EC Scientific Conference- Non-animal approaches: the way forward and the counter-conference “Stop vivisection”

VPHi president, Prof Marco Viceconti, was invited to show the potential of the VPH technologies to reduce, refine and replace the use of animal testing

On 6 and 7 December 2016, the European Commission organised a scientific conference in Brussels to engage the scientific community and relevant stakeholders in a debate on how to exploit innovative advances in biomedical and other research in the development of scientifically valid non-animal approaches (alternatives to animal testing). Among the speakers was the VPHi President, Prof. Marco Viceconti from the University of Sheffield who demonstrated the potential of the Virtual Physiological Human in this field.

The conference was announced in the European Commission Communication responding to the European Citizens Initiative “Stop Vivisection” and is one of four actions that should contribute towards the goal of, ultimately, phasing out animal testing. The other three actions are: (1) accelerating progress in the three R’s[1] through knowledge sharing, (2) development, validation, and implementation of new alternative approaches, (3) enforcement of compliance with the three R’s principle and alignment of relevant sector legislation. 

During his presentation on the Virtual Physiological Human, Mr. Marco Viceconti’s stated that animals (as well as in vitro models) should only be seen as models. He pointed out that there is a need to establish analogy with the human and a need to be clear about assumptions of the model. Laboratory tests combined with imaging information can be used to model effects in humans that cannot be directly measured. He stated that effectively, in silico technologies may drive a Renaissance of biological research based in physical sciences methods.

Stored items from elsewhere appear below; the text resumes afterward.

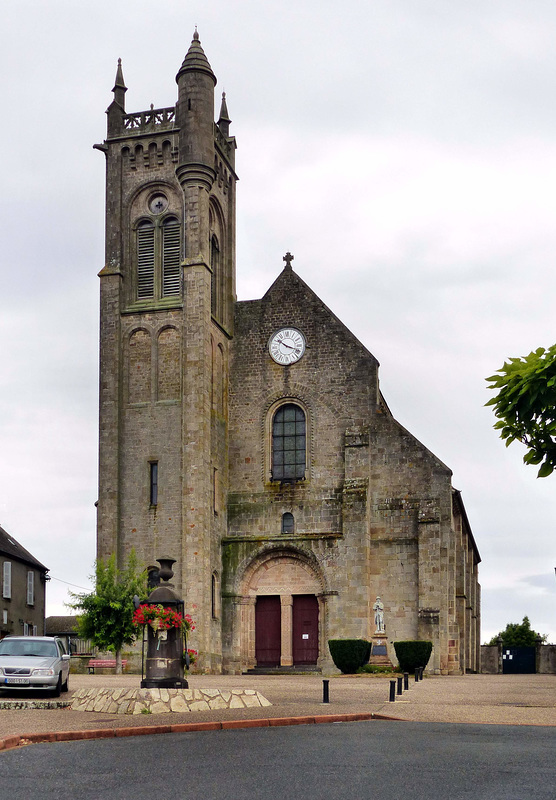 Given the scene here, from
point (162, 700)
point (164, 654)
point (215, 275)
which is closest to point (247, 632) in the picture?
point (215, 275)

MEP Julie Girling (ECR, UK) strongly advocated for alternatives where possible, however she also stated that she is a strong advocate of science-based policy. On non-animal approaches, the Directive 2010/63/EU on the protection of animals used for scientific purposes is an important starting point, as the EU has spelled out the principle of three R’s and made it a firm requirement. This principle is echoed in the REACH legislation. Obstacles still exist however: i.e. the existence of knowledge gaps and the lack of information. Non-animal tests have been improved in the EU, but they remain novel and unfamiliar to the industry and their use is therefore still limited. MEP Girling also stressed how most funding currently derives from Member States, in this respect Horizon 2020 would open more opportunities and reinforce a more coordinated approach.

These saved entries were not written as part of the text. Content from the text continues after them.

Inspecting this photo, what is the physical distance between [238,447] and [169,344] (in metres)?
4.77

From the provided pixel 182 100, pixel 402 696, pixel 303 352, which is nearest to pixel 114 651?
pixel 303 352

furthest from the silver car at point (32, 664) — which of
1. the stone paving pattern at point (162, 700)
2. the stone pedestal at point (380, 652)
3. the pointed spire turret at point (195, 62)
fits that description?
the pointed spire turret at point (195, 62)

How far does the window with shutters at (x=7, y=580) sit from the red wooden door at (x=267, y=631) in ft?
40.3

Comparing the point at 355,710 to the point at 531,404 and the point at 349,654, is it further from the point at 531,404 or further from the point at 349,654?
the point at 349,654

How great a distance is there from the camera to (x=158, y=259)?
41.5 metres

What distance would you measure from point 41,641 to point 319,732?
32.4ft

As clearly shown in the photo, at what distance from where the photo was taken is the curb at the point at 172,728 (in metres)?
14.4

Overall, the conference has been perceived positively. However, rather than focusing on a future of non-animal solutions, the conference spent a lot of time trying to fix the wrongs of animal experimentation. The well-substantiated findings that research using animals is failing, frequently unreliable, and often does not generate reproducible results, were acknowledged.  However, the solutions proposed focused on boosting the failing system, rather than accepting the fact that a fundamental shift in paradigm is what is truly needed.

On the other end of the spectrum, in protest to the Commission’s event, the European Parliament Group, Europe of Freedom and Direct Democracy (EFDD) in cooperation with MEPs from minor political parties hosted a counter-conference “Stop vivisection”. While all MEPs present are members of the Intergroup on the Welfare and Conservation of Animals, none have prominent positions or influence, except for Stefan Eck who is one of the 14 Vice-Presidents of the group. The event was criticised by MEP Françoise Grossetête (EPP, France) for ignoring science and being the “obscurantism hiding in darkness”. This conference, was poorly attended with almost no other MEPs present than the speakers and hosts.

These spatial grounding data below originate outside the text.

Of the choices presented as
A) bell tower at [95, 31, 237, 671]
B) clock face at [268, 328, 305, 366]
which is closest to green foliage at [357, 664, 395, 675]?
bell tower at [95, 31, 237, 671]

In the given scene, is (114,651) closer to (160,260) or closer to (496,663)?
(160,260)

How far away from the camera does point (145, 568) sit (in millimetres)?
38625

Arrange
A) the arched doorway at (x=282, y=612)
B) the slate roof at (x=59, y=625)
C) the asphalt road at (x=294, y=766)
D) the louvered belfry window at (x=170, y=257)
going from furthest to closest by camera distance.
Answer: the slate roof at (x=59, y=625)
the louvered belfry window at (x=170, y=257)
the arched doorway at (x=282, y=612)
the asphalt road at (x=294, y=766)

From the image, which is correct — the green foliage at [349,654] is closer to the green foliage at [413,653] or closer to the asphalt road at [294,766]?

[1] The three R’s are the guiding principles underpinning the humane use of animals in scientific research i.e.:

·  Replace the use of animals with alternative techniques, or avoid the use of animals altogether.

·  Reduce the number of animals used to a minimum, to obtain information from fewer animals or more information from the same number of animals.

·  Refine the way experiments are carried out, to make sure animals suffer as little as possible. This includes better housing and improvements to procedures which minimise pain and suffering and/or improve animal welfare.